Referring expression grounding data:
Segment Open

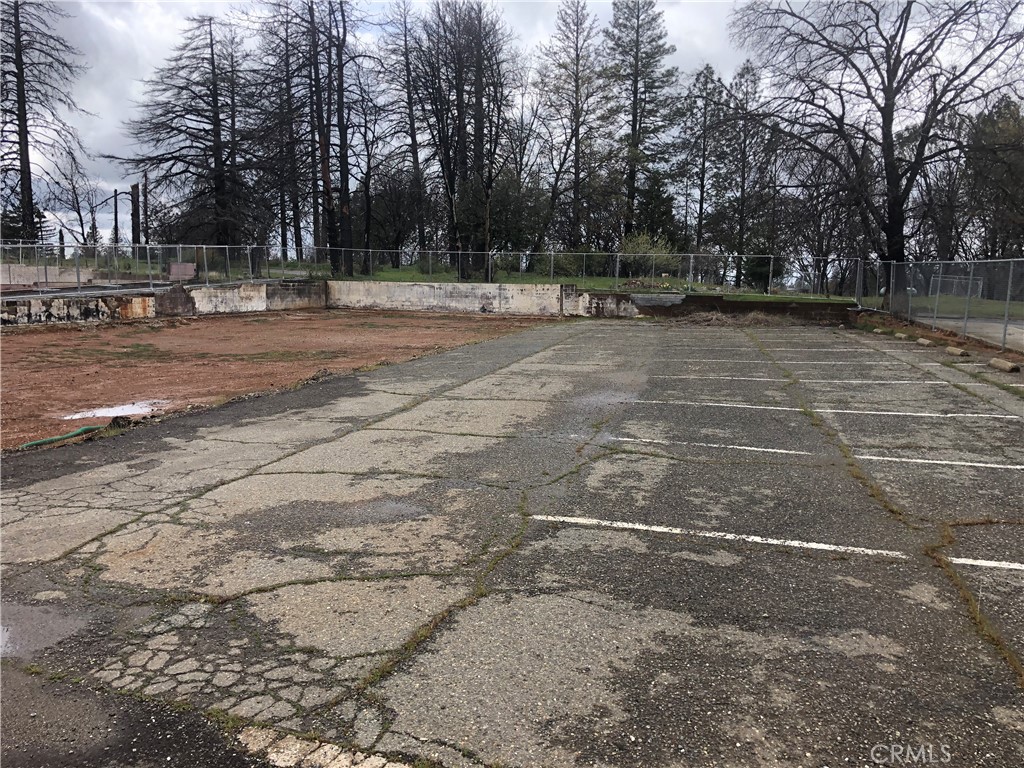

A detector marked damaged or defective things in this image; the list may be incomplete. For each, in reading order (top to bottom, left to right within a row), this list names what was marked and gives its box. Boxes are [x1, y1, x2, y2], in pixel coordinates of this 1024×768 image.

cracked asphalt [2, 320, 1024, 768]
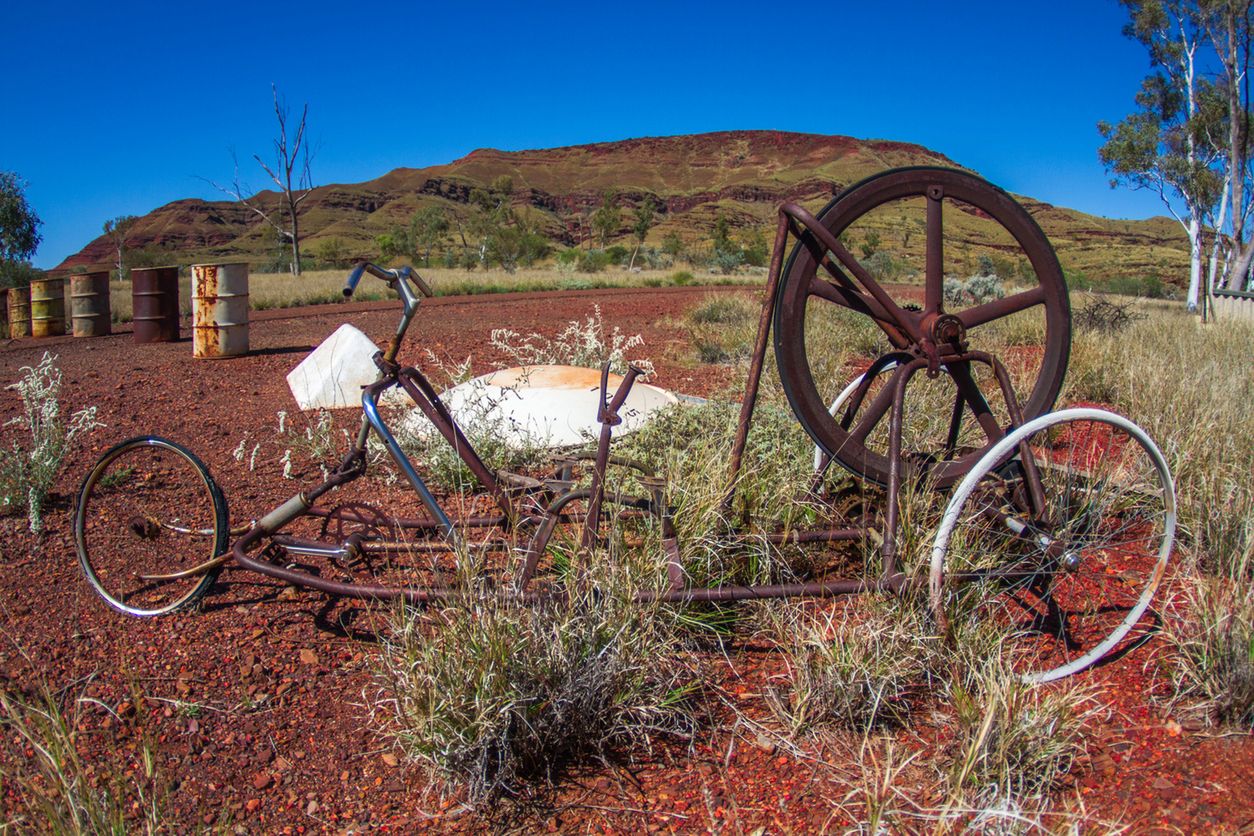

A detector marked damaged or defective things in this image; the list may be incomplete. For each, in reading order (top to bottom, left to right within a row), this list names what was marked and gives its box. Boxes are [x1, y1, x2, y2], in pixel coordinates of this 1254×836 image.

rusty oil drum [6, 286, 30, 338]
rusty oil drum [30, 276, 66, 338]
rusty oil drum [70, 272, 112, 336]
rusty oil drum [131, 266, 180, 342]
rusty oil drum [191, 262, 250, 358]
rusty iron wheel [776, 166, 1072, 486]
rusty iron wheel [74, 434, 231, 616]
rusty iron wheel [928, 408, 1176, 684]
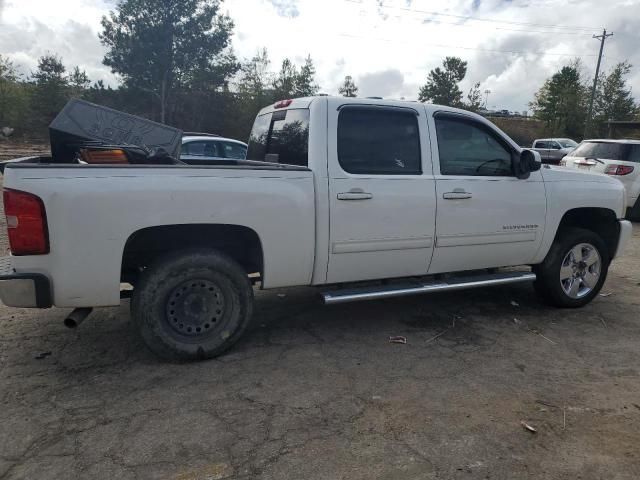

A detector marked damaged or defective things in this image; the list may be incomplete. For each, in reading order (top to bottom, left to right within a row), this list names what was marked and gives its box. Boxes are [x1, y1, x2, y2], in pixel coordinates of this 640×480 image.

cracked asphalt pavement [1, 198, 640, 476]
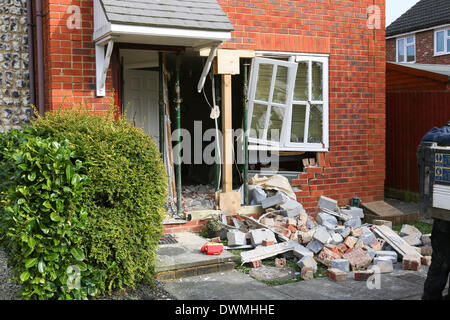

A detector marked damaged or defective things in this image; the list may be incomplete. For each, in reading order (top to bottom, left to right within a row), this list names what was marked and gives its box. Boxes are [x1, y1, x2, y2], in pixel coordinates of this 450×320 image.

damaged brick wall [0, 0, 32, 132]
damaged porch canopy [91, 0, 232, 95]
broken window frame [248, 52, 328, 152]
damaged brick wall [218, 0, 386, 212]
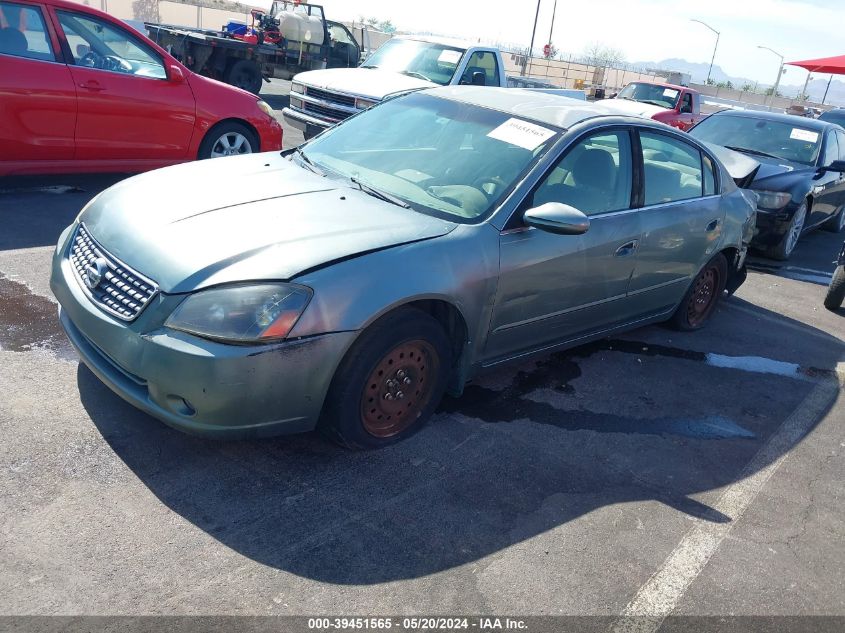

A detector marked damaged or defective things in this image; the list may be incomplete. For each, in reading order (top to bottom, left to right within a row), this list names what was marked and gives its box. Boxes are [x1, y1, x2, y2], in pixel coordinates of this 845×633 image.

Segment Closed

Starting at the line that contains "this 450×320 image.", please write out each line through the last line of the data, both ends included, and keep pictures out of the copy.

A detector marked damaged or defective things in this image; the list may be incomplete. For each, in reading order (top to bottom, left to right within a row), this list names what was marked and gives its box. Boxes are [x1, y1, x2, y2], in pixel coordinates of this 450×320 image.

damaged brick wall [0, 0, 32, 132]
damaged porch canopy [91, 0, 232, 95]
broken window frame [248, 52, 328, 152]
damaged brick wall [218, 0, 386, 212]

A detector marked damaged or defective things in this image; the list may be incomplete. For each, in reading order (top to bottom, left to right within a row), this list names what was marked and gives its box. Boxes are [x1, y1, x2, y2], in pixel coordinates of this 845×633 image.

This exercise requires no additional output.